When asked about the measure’s chances of success, Jackson’s chief of staff, Susan Russell, said she believes “the provisions are reasonable,” but acknowledged the language is subject to tweaking. “I think that this is something that’s worth sitting down at the table and talking about,” she added.
Supporters claim that, in the current climate, small businesses can’t survive because real estate speculators artificially inflated property costs over the years, allowing landlords to seek astronomical rents.
“You cannot allow unchecked speculators to control any segment of your economy for 25 years and not expect people to suffer,” said Steve Null, a former small-business owner who helped write the current bill and the original measure in the ’80s. In the period between then and now, he said, 137,000 small businesses in the city have been issued eviction notices, not including the about 200,000 to 300,000 businesses “that didn’t want to fight and just walked away.”
“I don’t know a businessperson in New York City that would ever recommend a friend to open a business in New York City,” Null added. “It is so anti-small business that the odds of them surviving would be very slim. … This bill is going to bring that dream back.”
I encourage Mr. Null and Councilman Jackson to read Market Urbanism’s series on residential rent control and then decide if their ideas for commercial rent control will really help small businesses.
To name a few, there are many ways this proposal is actually “anti-small” business:
- It will discourage developers from providing mixed-use retail in their projects, actually eroding the supply of retail space.
- It will discourage property owners from rehabilitating their buildings to encourage retail growth.
- In areas where retail rents are close to apartment rents, owners may convert mixed-use retail space to residential, further decreasing the stock of available retail space.
- Loss of supply, higher initial rents, and disinvestment (poor maintenance) of the rent controlled space will actually help the larger retailers compete with the squeezed-out small businesses.

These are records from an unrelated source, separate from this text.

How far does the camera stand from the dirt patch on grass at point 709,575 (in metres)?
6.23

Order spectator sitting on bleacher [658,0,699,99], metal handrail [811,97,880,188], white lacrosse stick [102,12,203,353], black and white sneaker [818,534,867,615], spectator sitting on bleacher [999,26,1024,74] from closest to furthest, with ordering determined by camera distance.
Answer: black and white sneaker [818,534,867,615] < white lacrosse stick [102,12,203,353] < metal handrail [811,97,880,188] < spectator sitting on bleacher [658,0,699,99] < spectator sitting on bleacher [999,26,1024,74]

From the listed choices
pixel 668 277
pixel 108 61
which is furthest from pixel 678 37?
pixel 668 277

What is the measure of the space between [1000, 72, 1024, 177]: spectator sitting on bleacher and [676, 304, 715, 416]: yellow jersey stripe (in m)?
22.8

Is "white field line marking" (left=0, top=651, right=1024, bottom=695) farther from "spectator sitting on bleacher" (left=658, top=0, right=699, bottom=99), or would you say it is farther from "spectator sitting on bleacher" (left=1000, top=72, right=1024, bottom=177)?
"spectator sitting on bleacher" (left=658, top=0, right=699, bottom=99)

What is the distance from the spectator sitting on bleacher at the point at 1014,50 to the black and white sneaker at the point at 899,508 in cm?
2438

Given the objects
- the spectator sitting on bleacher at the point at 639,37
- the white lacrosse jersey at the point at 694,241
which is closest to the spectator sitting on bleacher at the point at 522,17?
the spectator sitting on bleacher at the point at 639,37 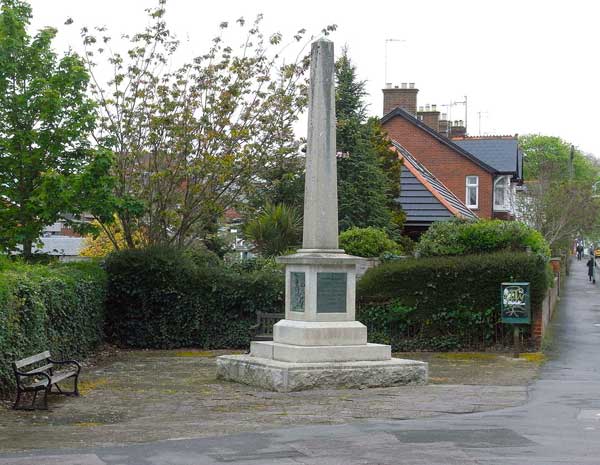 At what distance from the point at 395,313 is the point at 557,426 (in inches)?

- This type of arrangement will favor chain stores who usually sign long-term, triple-net leases for their space which won’t burden landlords with fears of being trapped by rent controlled mom-and-pop tenants.
The bottom line: rent control may marginally benefit the existing small businesses and large chain stores, but only at the expense of new entrepreneurs and expanding small businesses.
Also, NY Times (from 1984): DEBATE ON RETAIL RENT CONTROL CRACKLES
The Real Deal (April 2008): Activisits push zoning changes, rent control for retail
Update:
J. Brian Phillips linked to this post and emphasizes the moral aspects of rent control, and aspect I leave for experts like him.